Die Nationalsozialisten vertraten bekanntlich eine kompromisslose Vorstellung einer idealen deutschen Volksgemeinschaft: keine Juden, keine Sinti und Roma, keine Homosexuellen, keine Behinderten, keine psychisch Kranken, keine Oppositionellen und keine „Asozialen“. Die Liste der verfolgten Personengruppen war lang... Im Verständnis der Nazis waren nur erbgesunde, heterosexuelle, "arische" Männer und Frauen vollwertige Menschen. Innerhalb dieser Volksgemeinschaft wurden Mann und Frau klar definierte Geschlechterrollen zugewiesen: Der deutsche Mann herrschte über die Familie und alle Belange des öffentlichen Lebens. Das Ideal der deutschen Frau war die Ehefrau und Mutter möglichst vieler Kinder. Abweichendes Verhalten stand unter Strafe, im schlimmsten Fall drohte das Konzentrationslager. Was als abweichendes, sogenanntes „asoziales“ Verhalten verstanden wurde, entschieden die Nazis. Prostitution etwa wurde als ein solches interpretiert. Hitler selbst sah in der Prostitution eine „Schmach der Menschheit“, die unbedingt überwunden werden musste. Heinrich Himmler war da anderer Meinung.

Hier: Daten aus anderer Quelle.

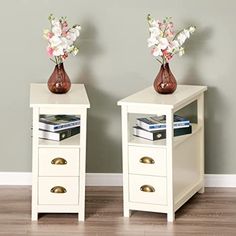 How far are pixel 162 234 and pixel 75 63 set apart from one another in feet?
3.90

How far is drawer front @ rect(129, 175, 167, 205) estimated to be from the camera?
398 centimetres

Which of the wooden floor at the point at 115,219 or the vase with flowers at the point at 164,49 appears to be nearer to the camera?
the wooden floor at the point at 115,219

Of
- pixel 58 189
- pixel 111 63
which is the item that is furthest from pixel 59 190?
pixel 111 63

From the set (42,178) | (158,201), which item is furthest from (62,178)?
(158,201)

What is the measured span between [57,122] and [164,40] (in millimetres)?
718

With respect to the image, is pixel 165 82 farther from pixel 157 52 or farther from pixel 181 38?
pixel 181 38

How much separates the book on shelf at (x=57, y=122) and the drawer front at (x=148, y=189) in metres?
0.41

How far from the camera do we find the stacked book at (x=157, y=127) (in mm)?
4020

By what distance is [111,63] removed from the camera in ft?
14.8

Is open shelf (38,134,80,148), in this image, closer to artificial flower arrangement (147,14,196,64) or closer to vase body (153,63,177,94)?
vase body (153,63,177,94)

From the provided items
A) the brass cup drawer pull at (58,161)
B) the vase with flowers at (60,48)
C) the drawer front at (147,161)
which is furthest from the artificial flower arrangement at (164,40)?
the brass cup drawer pull at (58,161)

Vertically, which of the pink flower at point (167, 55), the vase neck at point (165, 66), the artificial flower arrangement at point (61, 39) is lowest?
the vase neck at point (165, 66)

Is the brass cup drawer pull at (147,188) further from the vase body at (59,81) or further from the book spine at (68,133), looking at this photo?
the vase body at (59,81)

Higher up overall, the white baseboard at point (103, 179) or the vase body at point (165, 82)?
the vase body at point (165, 82) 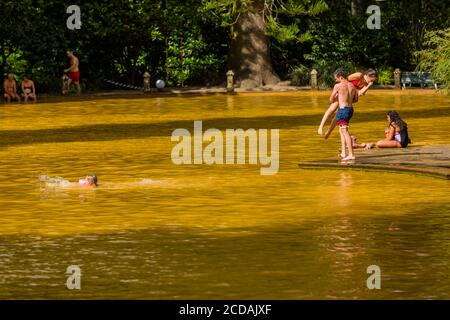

Die Interpretation der Sexualität
Himmler betrachtete die männliche Heterosexualität als etwas Natürliches, Produktives und für den NS-Staat Nützliches. Weibliche Sexualität hingegen sollte passiv und der männlichen untergeordnet sein. Frauen, die weibliche Lust offen zeigten, machten sich des „asozialen“ Verhaltens schuldig. Auch umgekehrt wurde "asoziales" Verhalten von Frauen grundsätzlich auf ihre Sexualität zurückgeführt. Die Prostituierte galt deshalb als Verkörperung von weiblicher „Asozialität“. Es gab also ein Gefälle zwischen der Prostitution, welche Himmler als natürlich, produktiv und nützlich für die männliche Heterosexualität ansah und der Prostituierten, die seiner Meinung nach minderwertig war und eine Gefahr für die deutsche Volksgemeinschaft darstellte. Deshalb war das Ziel der nationalsozialistischen Prostitutionspolitik nicht die Abschaffung der Prostitution, sondern die totale Kontrolle über die Prostituierten. Diese wurden registriert und mussten sich regelmäßigen Gesundheitskontrollen unterziehen. Das Versäumen dieser Pflichtuntersuchungen wurde hart bestraft. Prostituierte wurden von der Polizei verfolgt, wenn sie die strengen Auflagen der Behörden verletzten und konnten leicht ins KZ überstellt werden. In den Konzentrationslagern erkannte man sie an ihrer Häftlingskleidung, auf der ein schwarzes Dreieck prangte. Auch deutsche nicht-jüdische Frauen, die mit jüdischen Männern eine Ehe oder Beziehung geführt hatten, wurden als "Asoziale" ins KZ gesperrt und mit dem schwarzen Dreieck versehen. Nicht selten wurden sie dort zwangssterilisiert und von der SS zur Prostitution gezwungen. Jüdische Frauen jedoch kamen für die Prostitution aus Sicht der Nazis nicht in Frage, da Geschlechtsverkehr mit ihnen als "Rassenschande" abgelehnt wurde und nur deutsche nicht-jüdische Männer Prostituierte aufsuchen durften.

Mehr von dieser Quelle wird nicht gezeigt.